Loretto Chapel was designed by the same architect, and its soaring Gothic style is meant to invoke Ste.-Chapelle in Paris.  The glass windows were even brought from France!  Anyone who has actually seen Ste.-Chapelle would probably find Loretto a pale imitation at best, but when all is said and done, it’s pretty impressive for New Mexico in the 1870s.

Since the architect died during the course of construction, it was discovered too late that the plans failed to include a way to get into the choir loft.  The nuns were forced to climb up and down a ladder, allowing impious children to look up their skirts!  Yet there was no room for a proper stair.  What to do?

So the nuns prayed for nine straight days, and God sent St. Joseph, the putative father of Jesus, to build the “miraculous staircase” you see in my second photo.  (Spoilsports claim that the stair was actually built by one Francois-Jean “Frenchy” Rochas, a French woodworker who was later murdered.)  It’s a more unusual structure than my photograph shows— it’s completely cantilevered, with no central pole to stabilize it.  (The object in the photo that looks like a central pole is actually a red holiday banner that furnishes no structural support.)

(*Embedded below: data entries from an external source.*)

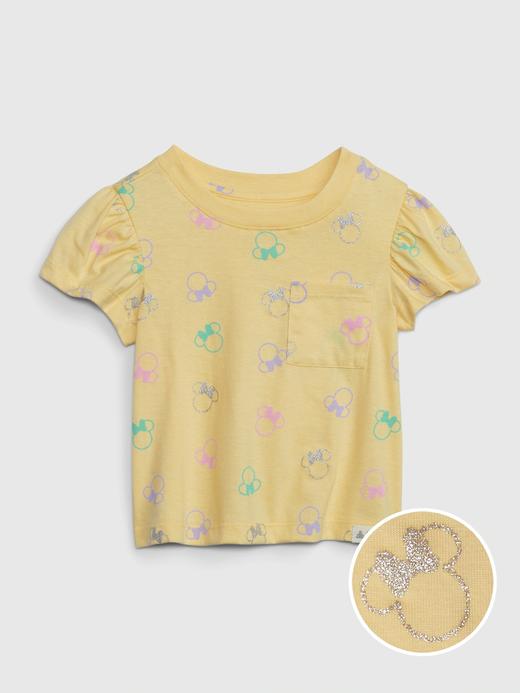 Kız Bebek | Sarı Disney %100 Organik Pamuk Mix and Match Minnie Mouse Grafikli T-Shirt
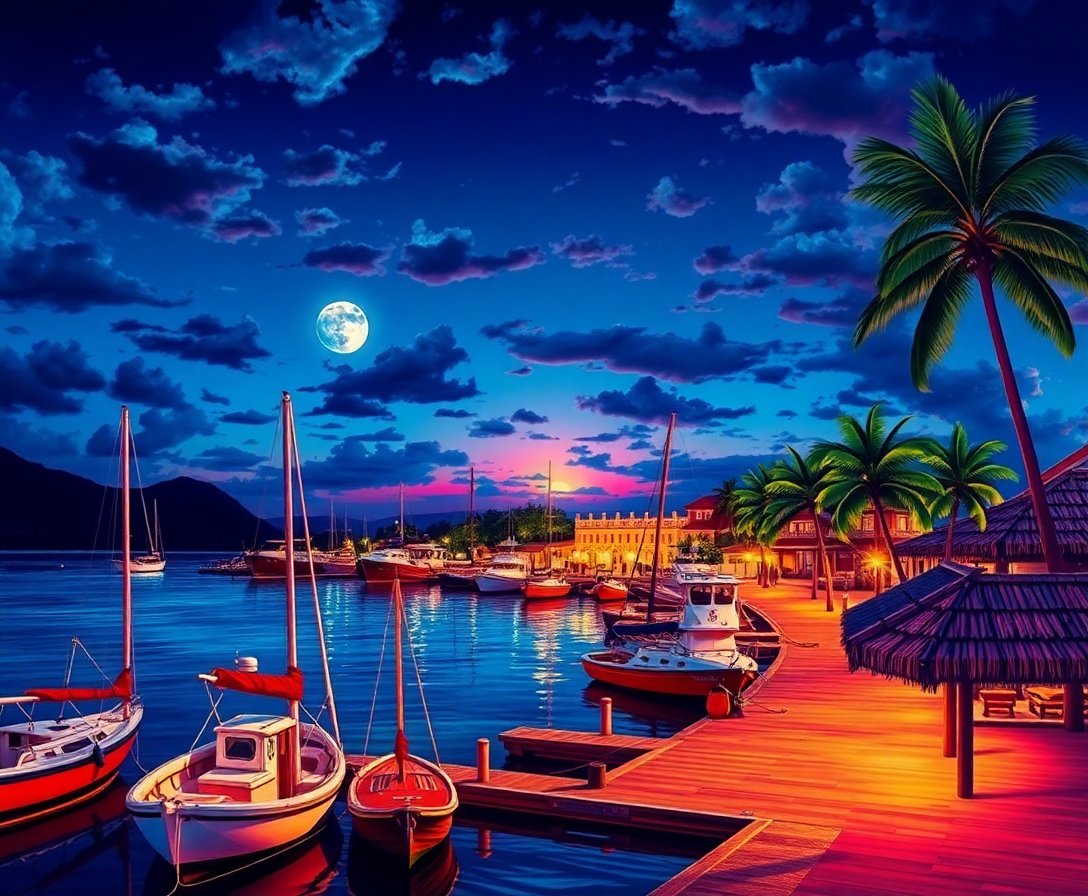Twilight At Tropical Harbor Paint By Numbers Kit completed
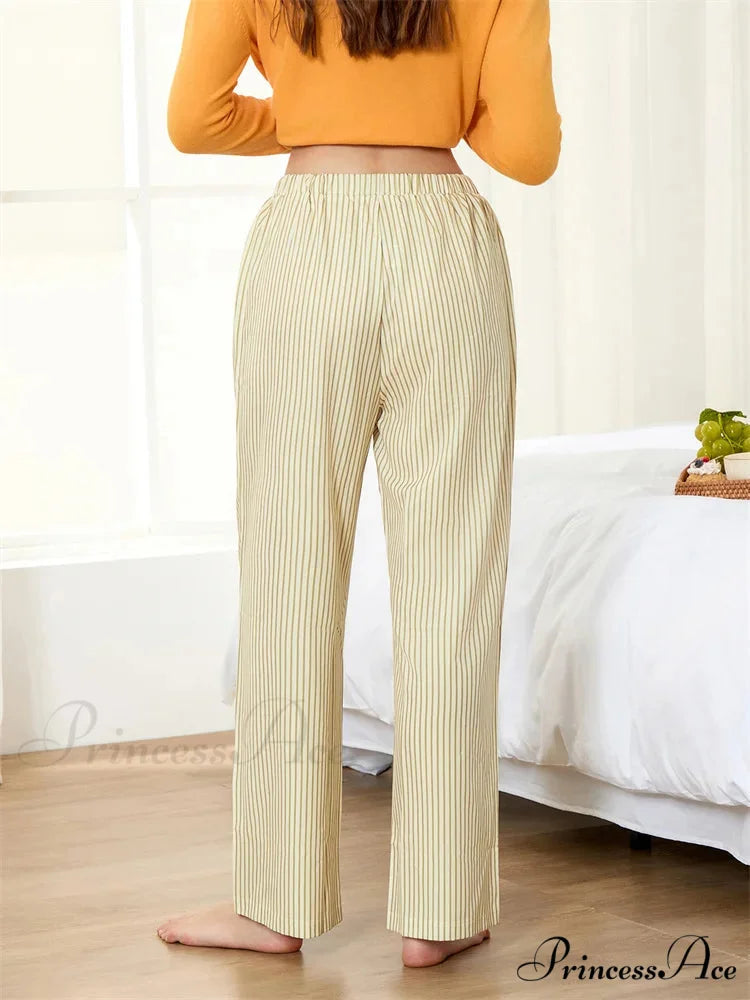 Striped Pajama Stretchy Waist Lounge Wide Leg Pant pant-250223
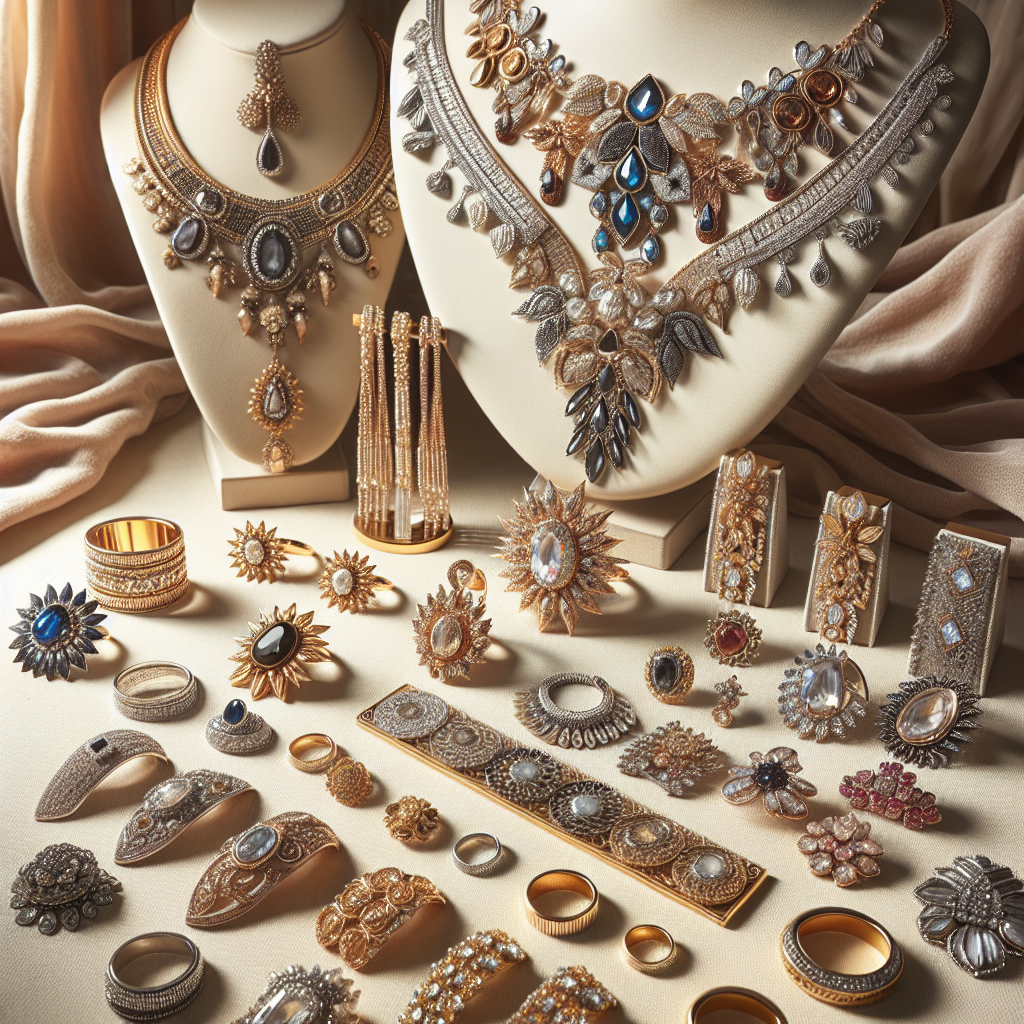 Fashionable jewellery pieces displayed, including statement necklaces and delicate rings.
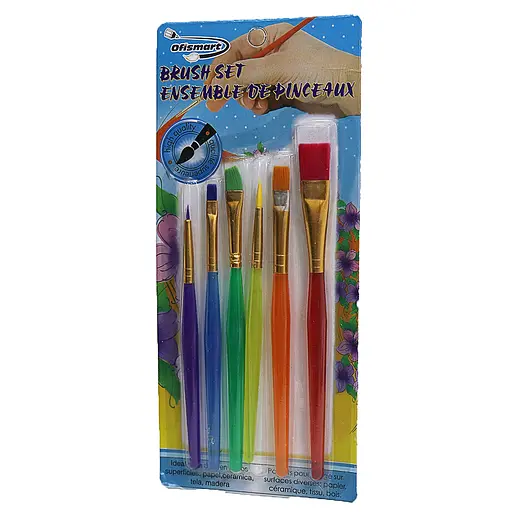 Набір пензлів нейлон плоский та круглий Детські, 6 шт. в упаковці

Apparently you’re not allowed on the stair any longer, but I climbed it back when it was permitted, and it was far from a stable— there was a lot of spring and sway in it.  I’ve heard stories of nuns climbing down on hands and knees.

And the concert?  It was pretty darn fine, and featured works by Handel, Boismortier, Vivaldi, and Janitsch, with a selection of Christmas carols, the most recent of which dates from the 17th Century.  Loretto Chapel is made for sopranos, and soprano Liesl Odenweller was made for the Chapel.  I would have been completely transported, except that my pew was so damned uncomfortable that I spent the latter part of the concert praying either for the finale or for death.  Next time I’ll bring a cushion.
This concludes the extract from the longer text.